As Soham tries to come to terms with the double murder, Joe Clancy reports on preparations for a new term in the town
TEACHERS who are victims of malicious allegations of abuse will find it more difficult to get jobs following the Soham murder inquiry, a union leader has warned.
David Hart, general secretary of the National Association of Head Teachers, said the killings will increase the pressure on heads to fully probe the background of all staff they hire.
This will mean collecting "soft information" which may include details of allegations that have been rejected, in addition to "hard information" about convictions and those placed on registers.
Last year the National Association of Schoolmasters Union of Women Teachers instructed solicitors on behalf of 94 members who were victims of malicious or exaggerated allegations of child abuse.
Union records reveal that during the previous 10 years, nearly 1,000 members faced a police investigation into physical or sexual abuse. There were just 52 convictions.
Mr Hart said: "There will be an enormous demand from parents, governors and everybody else to ensure that no stone is left unturned and that people who have any suspicion hanging over them are not employed.
"There has to be a balance between the current system and the right of the individuals who have been cleared of allegations to have a fair crack of the whip when it comes to job opportunities."
The NAHT took one case to court of a member on the receiving end of soft information that made it difficult for him to get a job, which it lost.

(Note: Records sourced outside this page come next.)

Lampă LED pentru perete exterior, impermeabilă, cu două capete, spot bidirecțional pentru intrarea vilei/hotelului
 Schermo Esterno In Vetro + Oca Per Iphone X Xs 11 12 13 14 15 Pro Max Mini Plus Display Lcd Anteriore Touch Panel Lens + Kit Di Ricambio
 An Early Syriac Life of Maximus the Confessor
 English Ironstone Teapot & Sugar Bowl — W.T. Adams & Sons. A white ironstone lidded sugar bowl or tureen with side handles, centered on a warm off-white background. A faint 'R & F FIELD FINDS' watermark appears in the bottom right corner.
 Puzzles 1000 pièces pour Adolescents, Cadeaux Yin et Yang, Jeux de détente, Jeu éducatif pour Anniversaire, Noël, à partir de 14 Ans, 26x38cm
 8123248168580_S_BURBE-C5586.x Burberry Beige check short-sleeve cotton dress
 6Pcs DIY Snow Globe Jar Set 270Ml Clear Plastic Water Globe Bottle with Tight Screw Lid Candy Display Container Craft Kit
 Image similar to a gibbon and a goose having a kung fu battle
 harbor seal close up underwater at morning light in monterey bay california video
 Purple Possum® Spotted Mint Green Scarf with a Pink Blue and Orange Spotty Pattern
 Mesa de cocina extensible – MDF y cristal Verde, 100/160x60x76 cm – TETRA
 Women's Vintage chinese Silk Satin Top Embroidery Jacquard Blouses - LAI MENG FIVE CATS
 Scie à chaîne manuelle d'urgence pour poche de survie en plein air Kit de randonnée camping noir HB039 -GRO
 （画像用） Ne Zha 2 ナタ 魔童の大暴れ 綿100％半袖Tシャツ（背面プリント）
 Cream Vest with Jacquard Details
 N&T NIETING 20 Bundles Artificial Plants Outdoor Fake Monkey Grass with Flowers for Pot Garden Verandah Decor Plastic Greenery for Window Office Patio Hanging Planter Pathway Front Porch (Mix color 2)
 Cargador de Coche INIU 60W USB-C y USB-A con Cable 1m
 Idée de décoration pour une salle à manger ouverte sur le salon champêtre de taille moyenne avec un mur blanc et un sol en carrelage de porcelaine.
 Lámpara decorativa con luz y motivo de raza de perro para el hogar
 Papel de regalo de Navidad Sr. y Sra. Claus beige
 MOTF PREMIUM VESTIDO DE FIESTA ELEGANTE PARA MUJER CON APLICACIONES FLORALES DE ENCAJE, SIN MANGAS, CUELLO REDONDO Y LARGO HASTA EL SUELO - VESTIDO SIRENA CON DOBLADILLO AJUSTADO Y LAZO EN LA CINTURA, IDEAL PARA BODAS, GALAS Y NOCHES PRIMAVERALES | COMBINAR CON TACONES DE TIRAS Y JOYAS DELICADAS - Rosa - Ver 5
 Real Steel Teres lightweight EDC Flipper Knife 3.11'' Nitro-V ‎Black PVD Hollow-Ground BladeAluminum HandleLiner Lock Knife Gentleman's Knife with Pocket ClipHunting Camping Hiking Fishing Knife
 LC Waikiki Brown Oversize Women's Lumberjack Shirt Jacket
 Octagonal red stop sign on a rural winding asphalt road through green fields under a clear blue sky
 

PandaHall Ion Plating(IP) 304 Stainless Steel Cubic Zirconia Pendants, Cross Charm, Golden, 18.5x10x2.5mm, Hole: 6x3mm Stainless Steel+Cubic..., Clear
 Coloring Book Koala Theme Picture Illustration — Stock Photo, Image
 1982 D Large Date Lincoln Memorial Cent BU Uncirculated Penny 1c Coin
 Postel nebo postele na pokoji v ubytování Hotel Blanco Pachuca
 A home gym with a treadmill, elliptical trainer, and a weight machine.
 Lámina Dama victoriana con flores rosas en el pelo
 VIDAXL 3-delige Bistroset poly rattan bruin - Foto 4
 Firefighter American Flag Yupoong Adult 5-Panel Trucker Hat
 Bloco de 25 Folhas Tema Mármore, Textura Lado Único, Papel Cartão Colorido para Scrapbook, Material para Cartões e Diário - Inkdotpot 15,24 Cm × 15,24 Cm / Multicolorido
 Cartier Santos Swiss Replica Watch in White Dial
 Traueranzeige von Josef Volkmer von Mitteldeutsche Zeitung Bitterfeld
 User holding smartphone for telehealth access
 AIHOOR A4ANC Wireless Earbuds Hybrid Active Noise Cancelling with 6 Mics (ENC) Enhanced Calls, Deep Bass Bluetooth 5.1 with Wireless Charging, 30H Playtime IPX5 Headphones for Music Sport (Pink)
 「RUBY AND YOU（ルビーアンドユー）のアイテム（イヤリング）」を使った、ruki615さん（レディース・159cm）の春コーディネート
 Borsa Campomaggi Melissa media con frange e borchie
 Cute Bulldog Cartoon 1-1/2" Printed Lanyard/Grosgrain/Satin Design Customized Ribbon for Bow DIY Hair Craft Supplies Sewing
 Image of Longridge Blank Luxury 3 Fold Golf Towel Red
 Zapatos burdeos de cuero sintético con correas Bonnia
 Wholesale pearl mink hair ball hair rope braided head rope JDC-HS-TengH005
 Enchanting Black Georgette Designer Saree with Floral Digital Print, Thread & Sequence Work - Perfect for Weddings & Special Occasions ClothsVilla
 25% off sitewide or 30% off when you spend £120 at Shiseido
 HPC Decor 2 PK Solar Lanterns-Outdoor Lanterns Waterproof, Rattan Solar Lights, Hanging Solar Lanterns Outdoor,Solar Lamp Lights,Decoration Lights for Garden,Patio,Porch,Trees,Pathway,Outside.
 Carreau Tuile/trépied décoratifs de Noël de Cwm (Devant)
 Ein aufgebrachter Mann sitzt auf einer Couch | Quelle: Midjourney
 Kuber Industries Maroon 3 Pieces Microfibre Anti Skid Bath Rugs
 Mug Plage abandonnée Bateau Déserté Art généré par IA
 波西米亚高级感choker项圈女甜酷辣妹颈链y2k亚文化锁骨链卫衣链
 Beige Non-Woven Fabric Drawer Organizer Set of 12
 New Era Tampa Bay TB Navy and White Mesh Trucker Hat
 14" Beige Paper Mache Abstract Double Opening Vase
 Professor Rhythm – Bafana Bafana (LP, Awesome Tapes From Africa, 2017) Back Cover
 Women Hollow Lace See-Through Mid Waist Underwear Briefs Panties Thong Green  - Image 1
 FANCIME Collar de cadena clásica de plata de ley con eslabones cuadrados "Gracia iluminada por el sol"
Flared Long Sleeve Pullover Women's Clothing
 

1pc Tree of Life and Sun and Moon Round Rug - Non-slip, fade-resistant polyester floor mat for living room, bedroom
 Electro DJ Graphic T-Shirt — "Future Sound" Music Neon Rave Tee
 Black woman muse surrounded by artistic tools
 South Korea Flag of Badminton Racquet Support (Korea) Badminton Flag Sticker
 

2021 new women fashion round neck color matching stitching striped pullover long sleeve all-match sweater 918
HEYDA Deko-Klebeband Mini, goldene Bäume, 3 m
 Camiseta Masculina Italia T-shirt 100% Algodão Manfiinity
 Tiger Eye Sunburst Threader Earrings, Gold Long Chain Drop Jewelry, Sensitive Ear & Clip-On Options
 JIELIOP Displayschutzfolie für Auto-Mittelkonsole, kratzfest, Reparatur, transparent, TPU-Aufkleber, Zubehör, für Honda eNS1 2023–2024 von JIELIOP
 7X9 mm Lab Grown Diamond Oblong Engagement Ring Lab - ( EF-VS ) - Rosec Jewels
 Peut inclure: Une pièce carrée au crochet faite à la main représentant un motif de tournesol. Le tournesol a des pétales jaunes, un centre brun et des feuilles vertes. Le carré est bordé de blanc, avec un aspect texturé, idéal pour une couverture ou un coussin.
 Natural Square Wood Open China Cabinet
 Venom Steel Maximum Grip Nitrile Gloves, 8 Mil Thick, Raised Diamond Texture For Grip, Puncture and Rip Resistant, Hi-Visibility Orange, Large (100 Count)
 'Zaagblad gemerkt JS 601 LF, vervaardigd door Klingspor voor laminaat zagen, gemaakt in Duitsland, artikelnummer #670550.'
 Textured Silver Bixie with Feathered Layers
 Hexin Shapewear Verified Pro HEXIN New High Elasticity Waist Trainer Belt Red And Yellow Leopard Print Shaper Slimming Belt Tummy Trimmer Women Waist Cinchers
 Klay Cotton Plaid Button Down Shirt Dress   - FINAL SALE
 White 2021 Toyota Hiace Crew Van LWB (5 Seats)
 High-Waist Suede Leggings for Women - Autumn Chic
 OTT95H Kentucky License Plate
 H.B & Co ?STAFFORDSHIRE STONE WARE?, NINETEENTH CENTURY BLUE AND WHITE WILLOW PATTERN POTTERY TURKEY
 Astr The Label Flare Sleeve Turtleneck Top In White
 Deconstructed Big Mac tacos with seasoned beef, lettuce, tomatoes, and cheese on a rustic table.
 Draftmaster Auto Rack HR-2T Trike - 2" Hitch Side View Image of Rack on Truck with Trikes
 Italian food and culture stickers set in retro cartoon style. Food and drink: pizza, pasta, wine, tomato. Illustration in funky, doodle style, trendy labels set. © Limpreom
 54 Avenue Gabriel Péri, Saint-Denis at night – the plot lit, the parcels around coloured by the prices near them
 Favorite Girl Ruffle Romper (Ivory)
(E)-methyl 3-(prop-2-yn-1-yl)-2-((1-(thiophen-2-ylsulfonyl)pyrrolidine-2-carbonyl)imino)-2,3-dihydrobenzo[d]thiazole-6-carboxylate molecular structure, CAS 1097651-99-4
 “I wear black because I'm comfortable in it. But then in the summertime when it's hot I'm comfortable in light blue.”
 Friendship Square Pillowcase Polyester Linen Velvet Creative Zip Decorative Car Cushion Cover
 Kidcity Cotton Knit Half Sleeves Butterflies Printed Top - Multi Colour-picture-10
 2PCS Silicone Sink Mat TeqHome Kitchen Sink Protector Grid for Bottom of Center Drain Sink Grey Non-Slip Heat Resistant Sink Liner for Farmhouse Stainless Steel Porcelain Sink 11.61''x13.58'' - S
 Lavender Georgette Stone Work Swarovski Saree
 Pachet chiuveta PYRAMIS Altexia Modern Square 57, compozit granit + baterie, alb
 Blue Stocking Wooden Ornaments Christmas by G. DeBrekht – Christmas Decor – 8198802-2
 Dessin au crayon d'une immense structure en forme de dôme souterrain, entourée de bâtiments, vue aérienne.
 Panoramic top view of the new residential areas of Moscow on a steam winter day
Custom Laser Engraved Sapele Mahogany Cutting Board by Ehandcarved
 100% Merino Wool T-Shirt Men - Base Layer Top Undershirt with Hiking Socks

The Government attempted to tighten up checks on people working with children by setting up a new Criminal Records Bureau, but it has been in chaos since it began in March. A huge backlog built up almost immediately and work is still being sent to a data-inputting company in Madras, India.
Teachers seeking clearance have to provide birth and marriage certificates, passports, details of addresses held over five years and, in some cases, bank statements.
But in May, the Government was forced to put the system of checks for temporary teachers on hold, following repeated complaints from recruitment agencies about delays.
A fast-track system has now been introduced allowing teachers to be employed once a check on the Department for Education and Skills List 99 has been done. The full check is carried out later.
Teaching assistants and caretakers fear they will face suspicion and hostility when they return to their schools next term.
One assistant posted this message on the TES website: "I am a little concerned about how parents may view me and my job when I go back to school. The Holly and Jessica case is horrific."